**MATERIAL PROVIDED:**
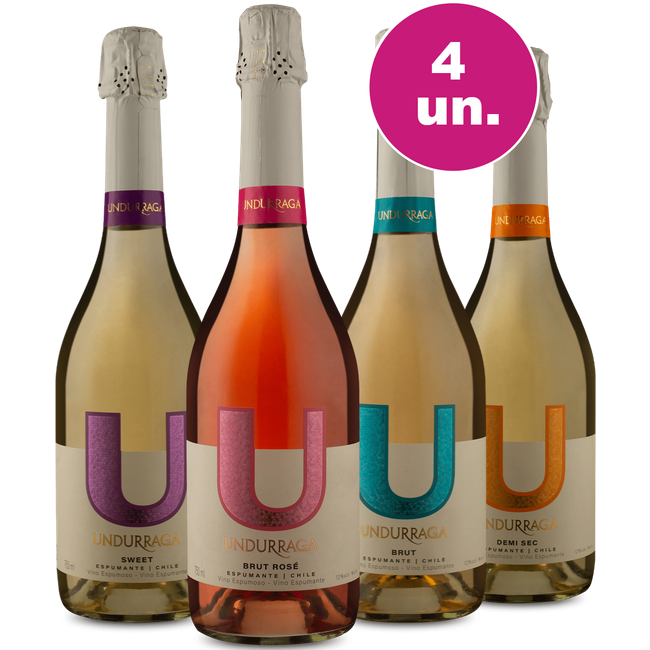 Kit 4 - Degustação Espumantes U By Undurraga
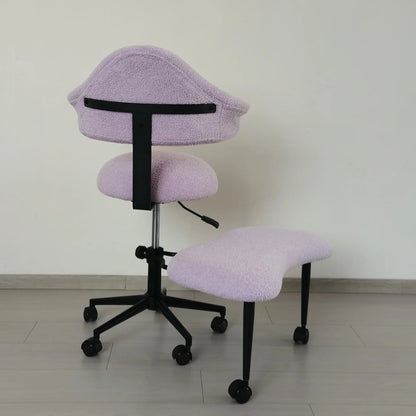 Cross Legged Chair - Meditation Chair With Wheels  ADHD Chair Height Adjustable Seat  Adjustable Footstool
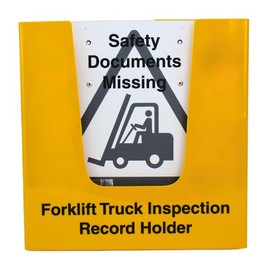 VSafety V Safety Forklift Truck Inspection Record Holder 250 x 240 x 27mm 1 Empty Holder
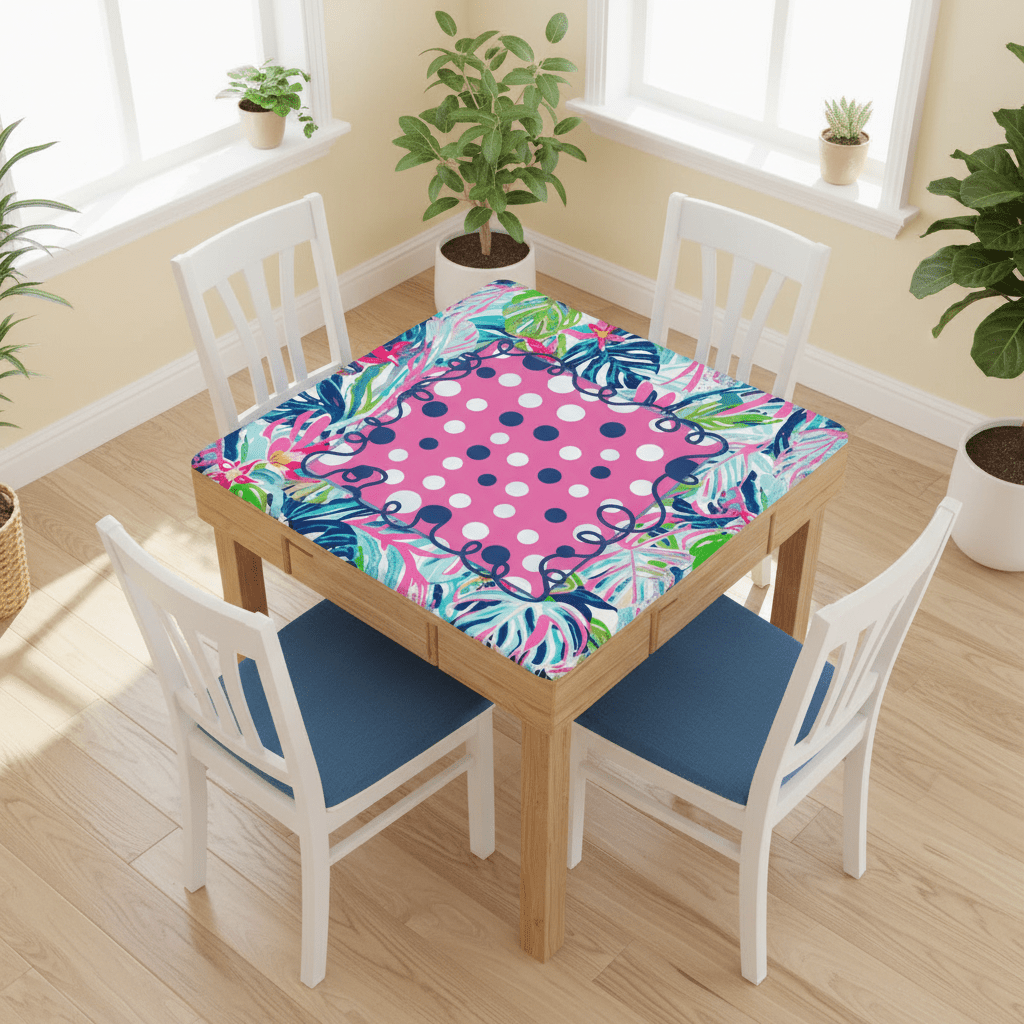 Preppy Pastel Garden Gala Whimiscal Mahjong Mat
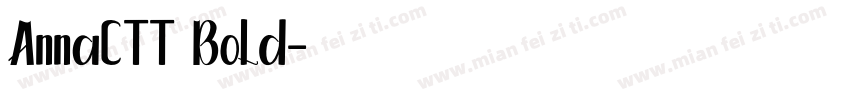 AnnaCTT Bold字体转换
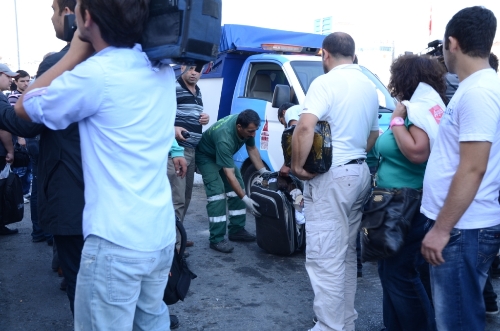 Taksim'de şüpheli bavul paniği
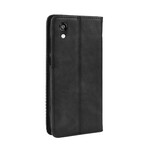 Flip Cover Huawei Y5 2019 Effet Cuir Vintage Stylisé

**BRIEF:** Which lines fall between the one containing "Cross Legged Chair" and the last line of the listing, both included? Give them again exactly, without the pictures.

**RESULT OF THE TASK:**
 Cross Legged Chair - Meditation Chair With Wheels  ADHD Chair Height Adjustable Seat  Adjustable Footstool
 VSafety V Safety Forklift Truck Inspection Record Holder 250 x 240 x 27mm 1 Empty Holder
 Preppy Pastel Garden Gala Whimiscal Mahjong Mat
 AnnaCTT Bold字体转换
 Taksim'de şüpheli bavul paniği
 Flip Cover Huawei Y5 2019 Effet Cuir Vintage Stylisé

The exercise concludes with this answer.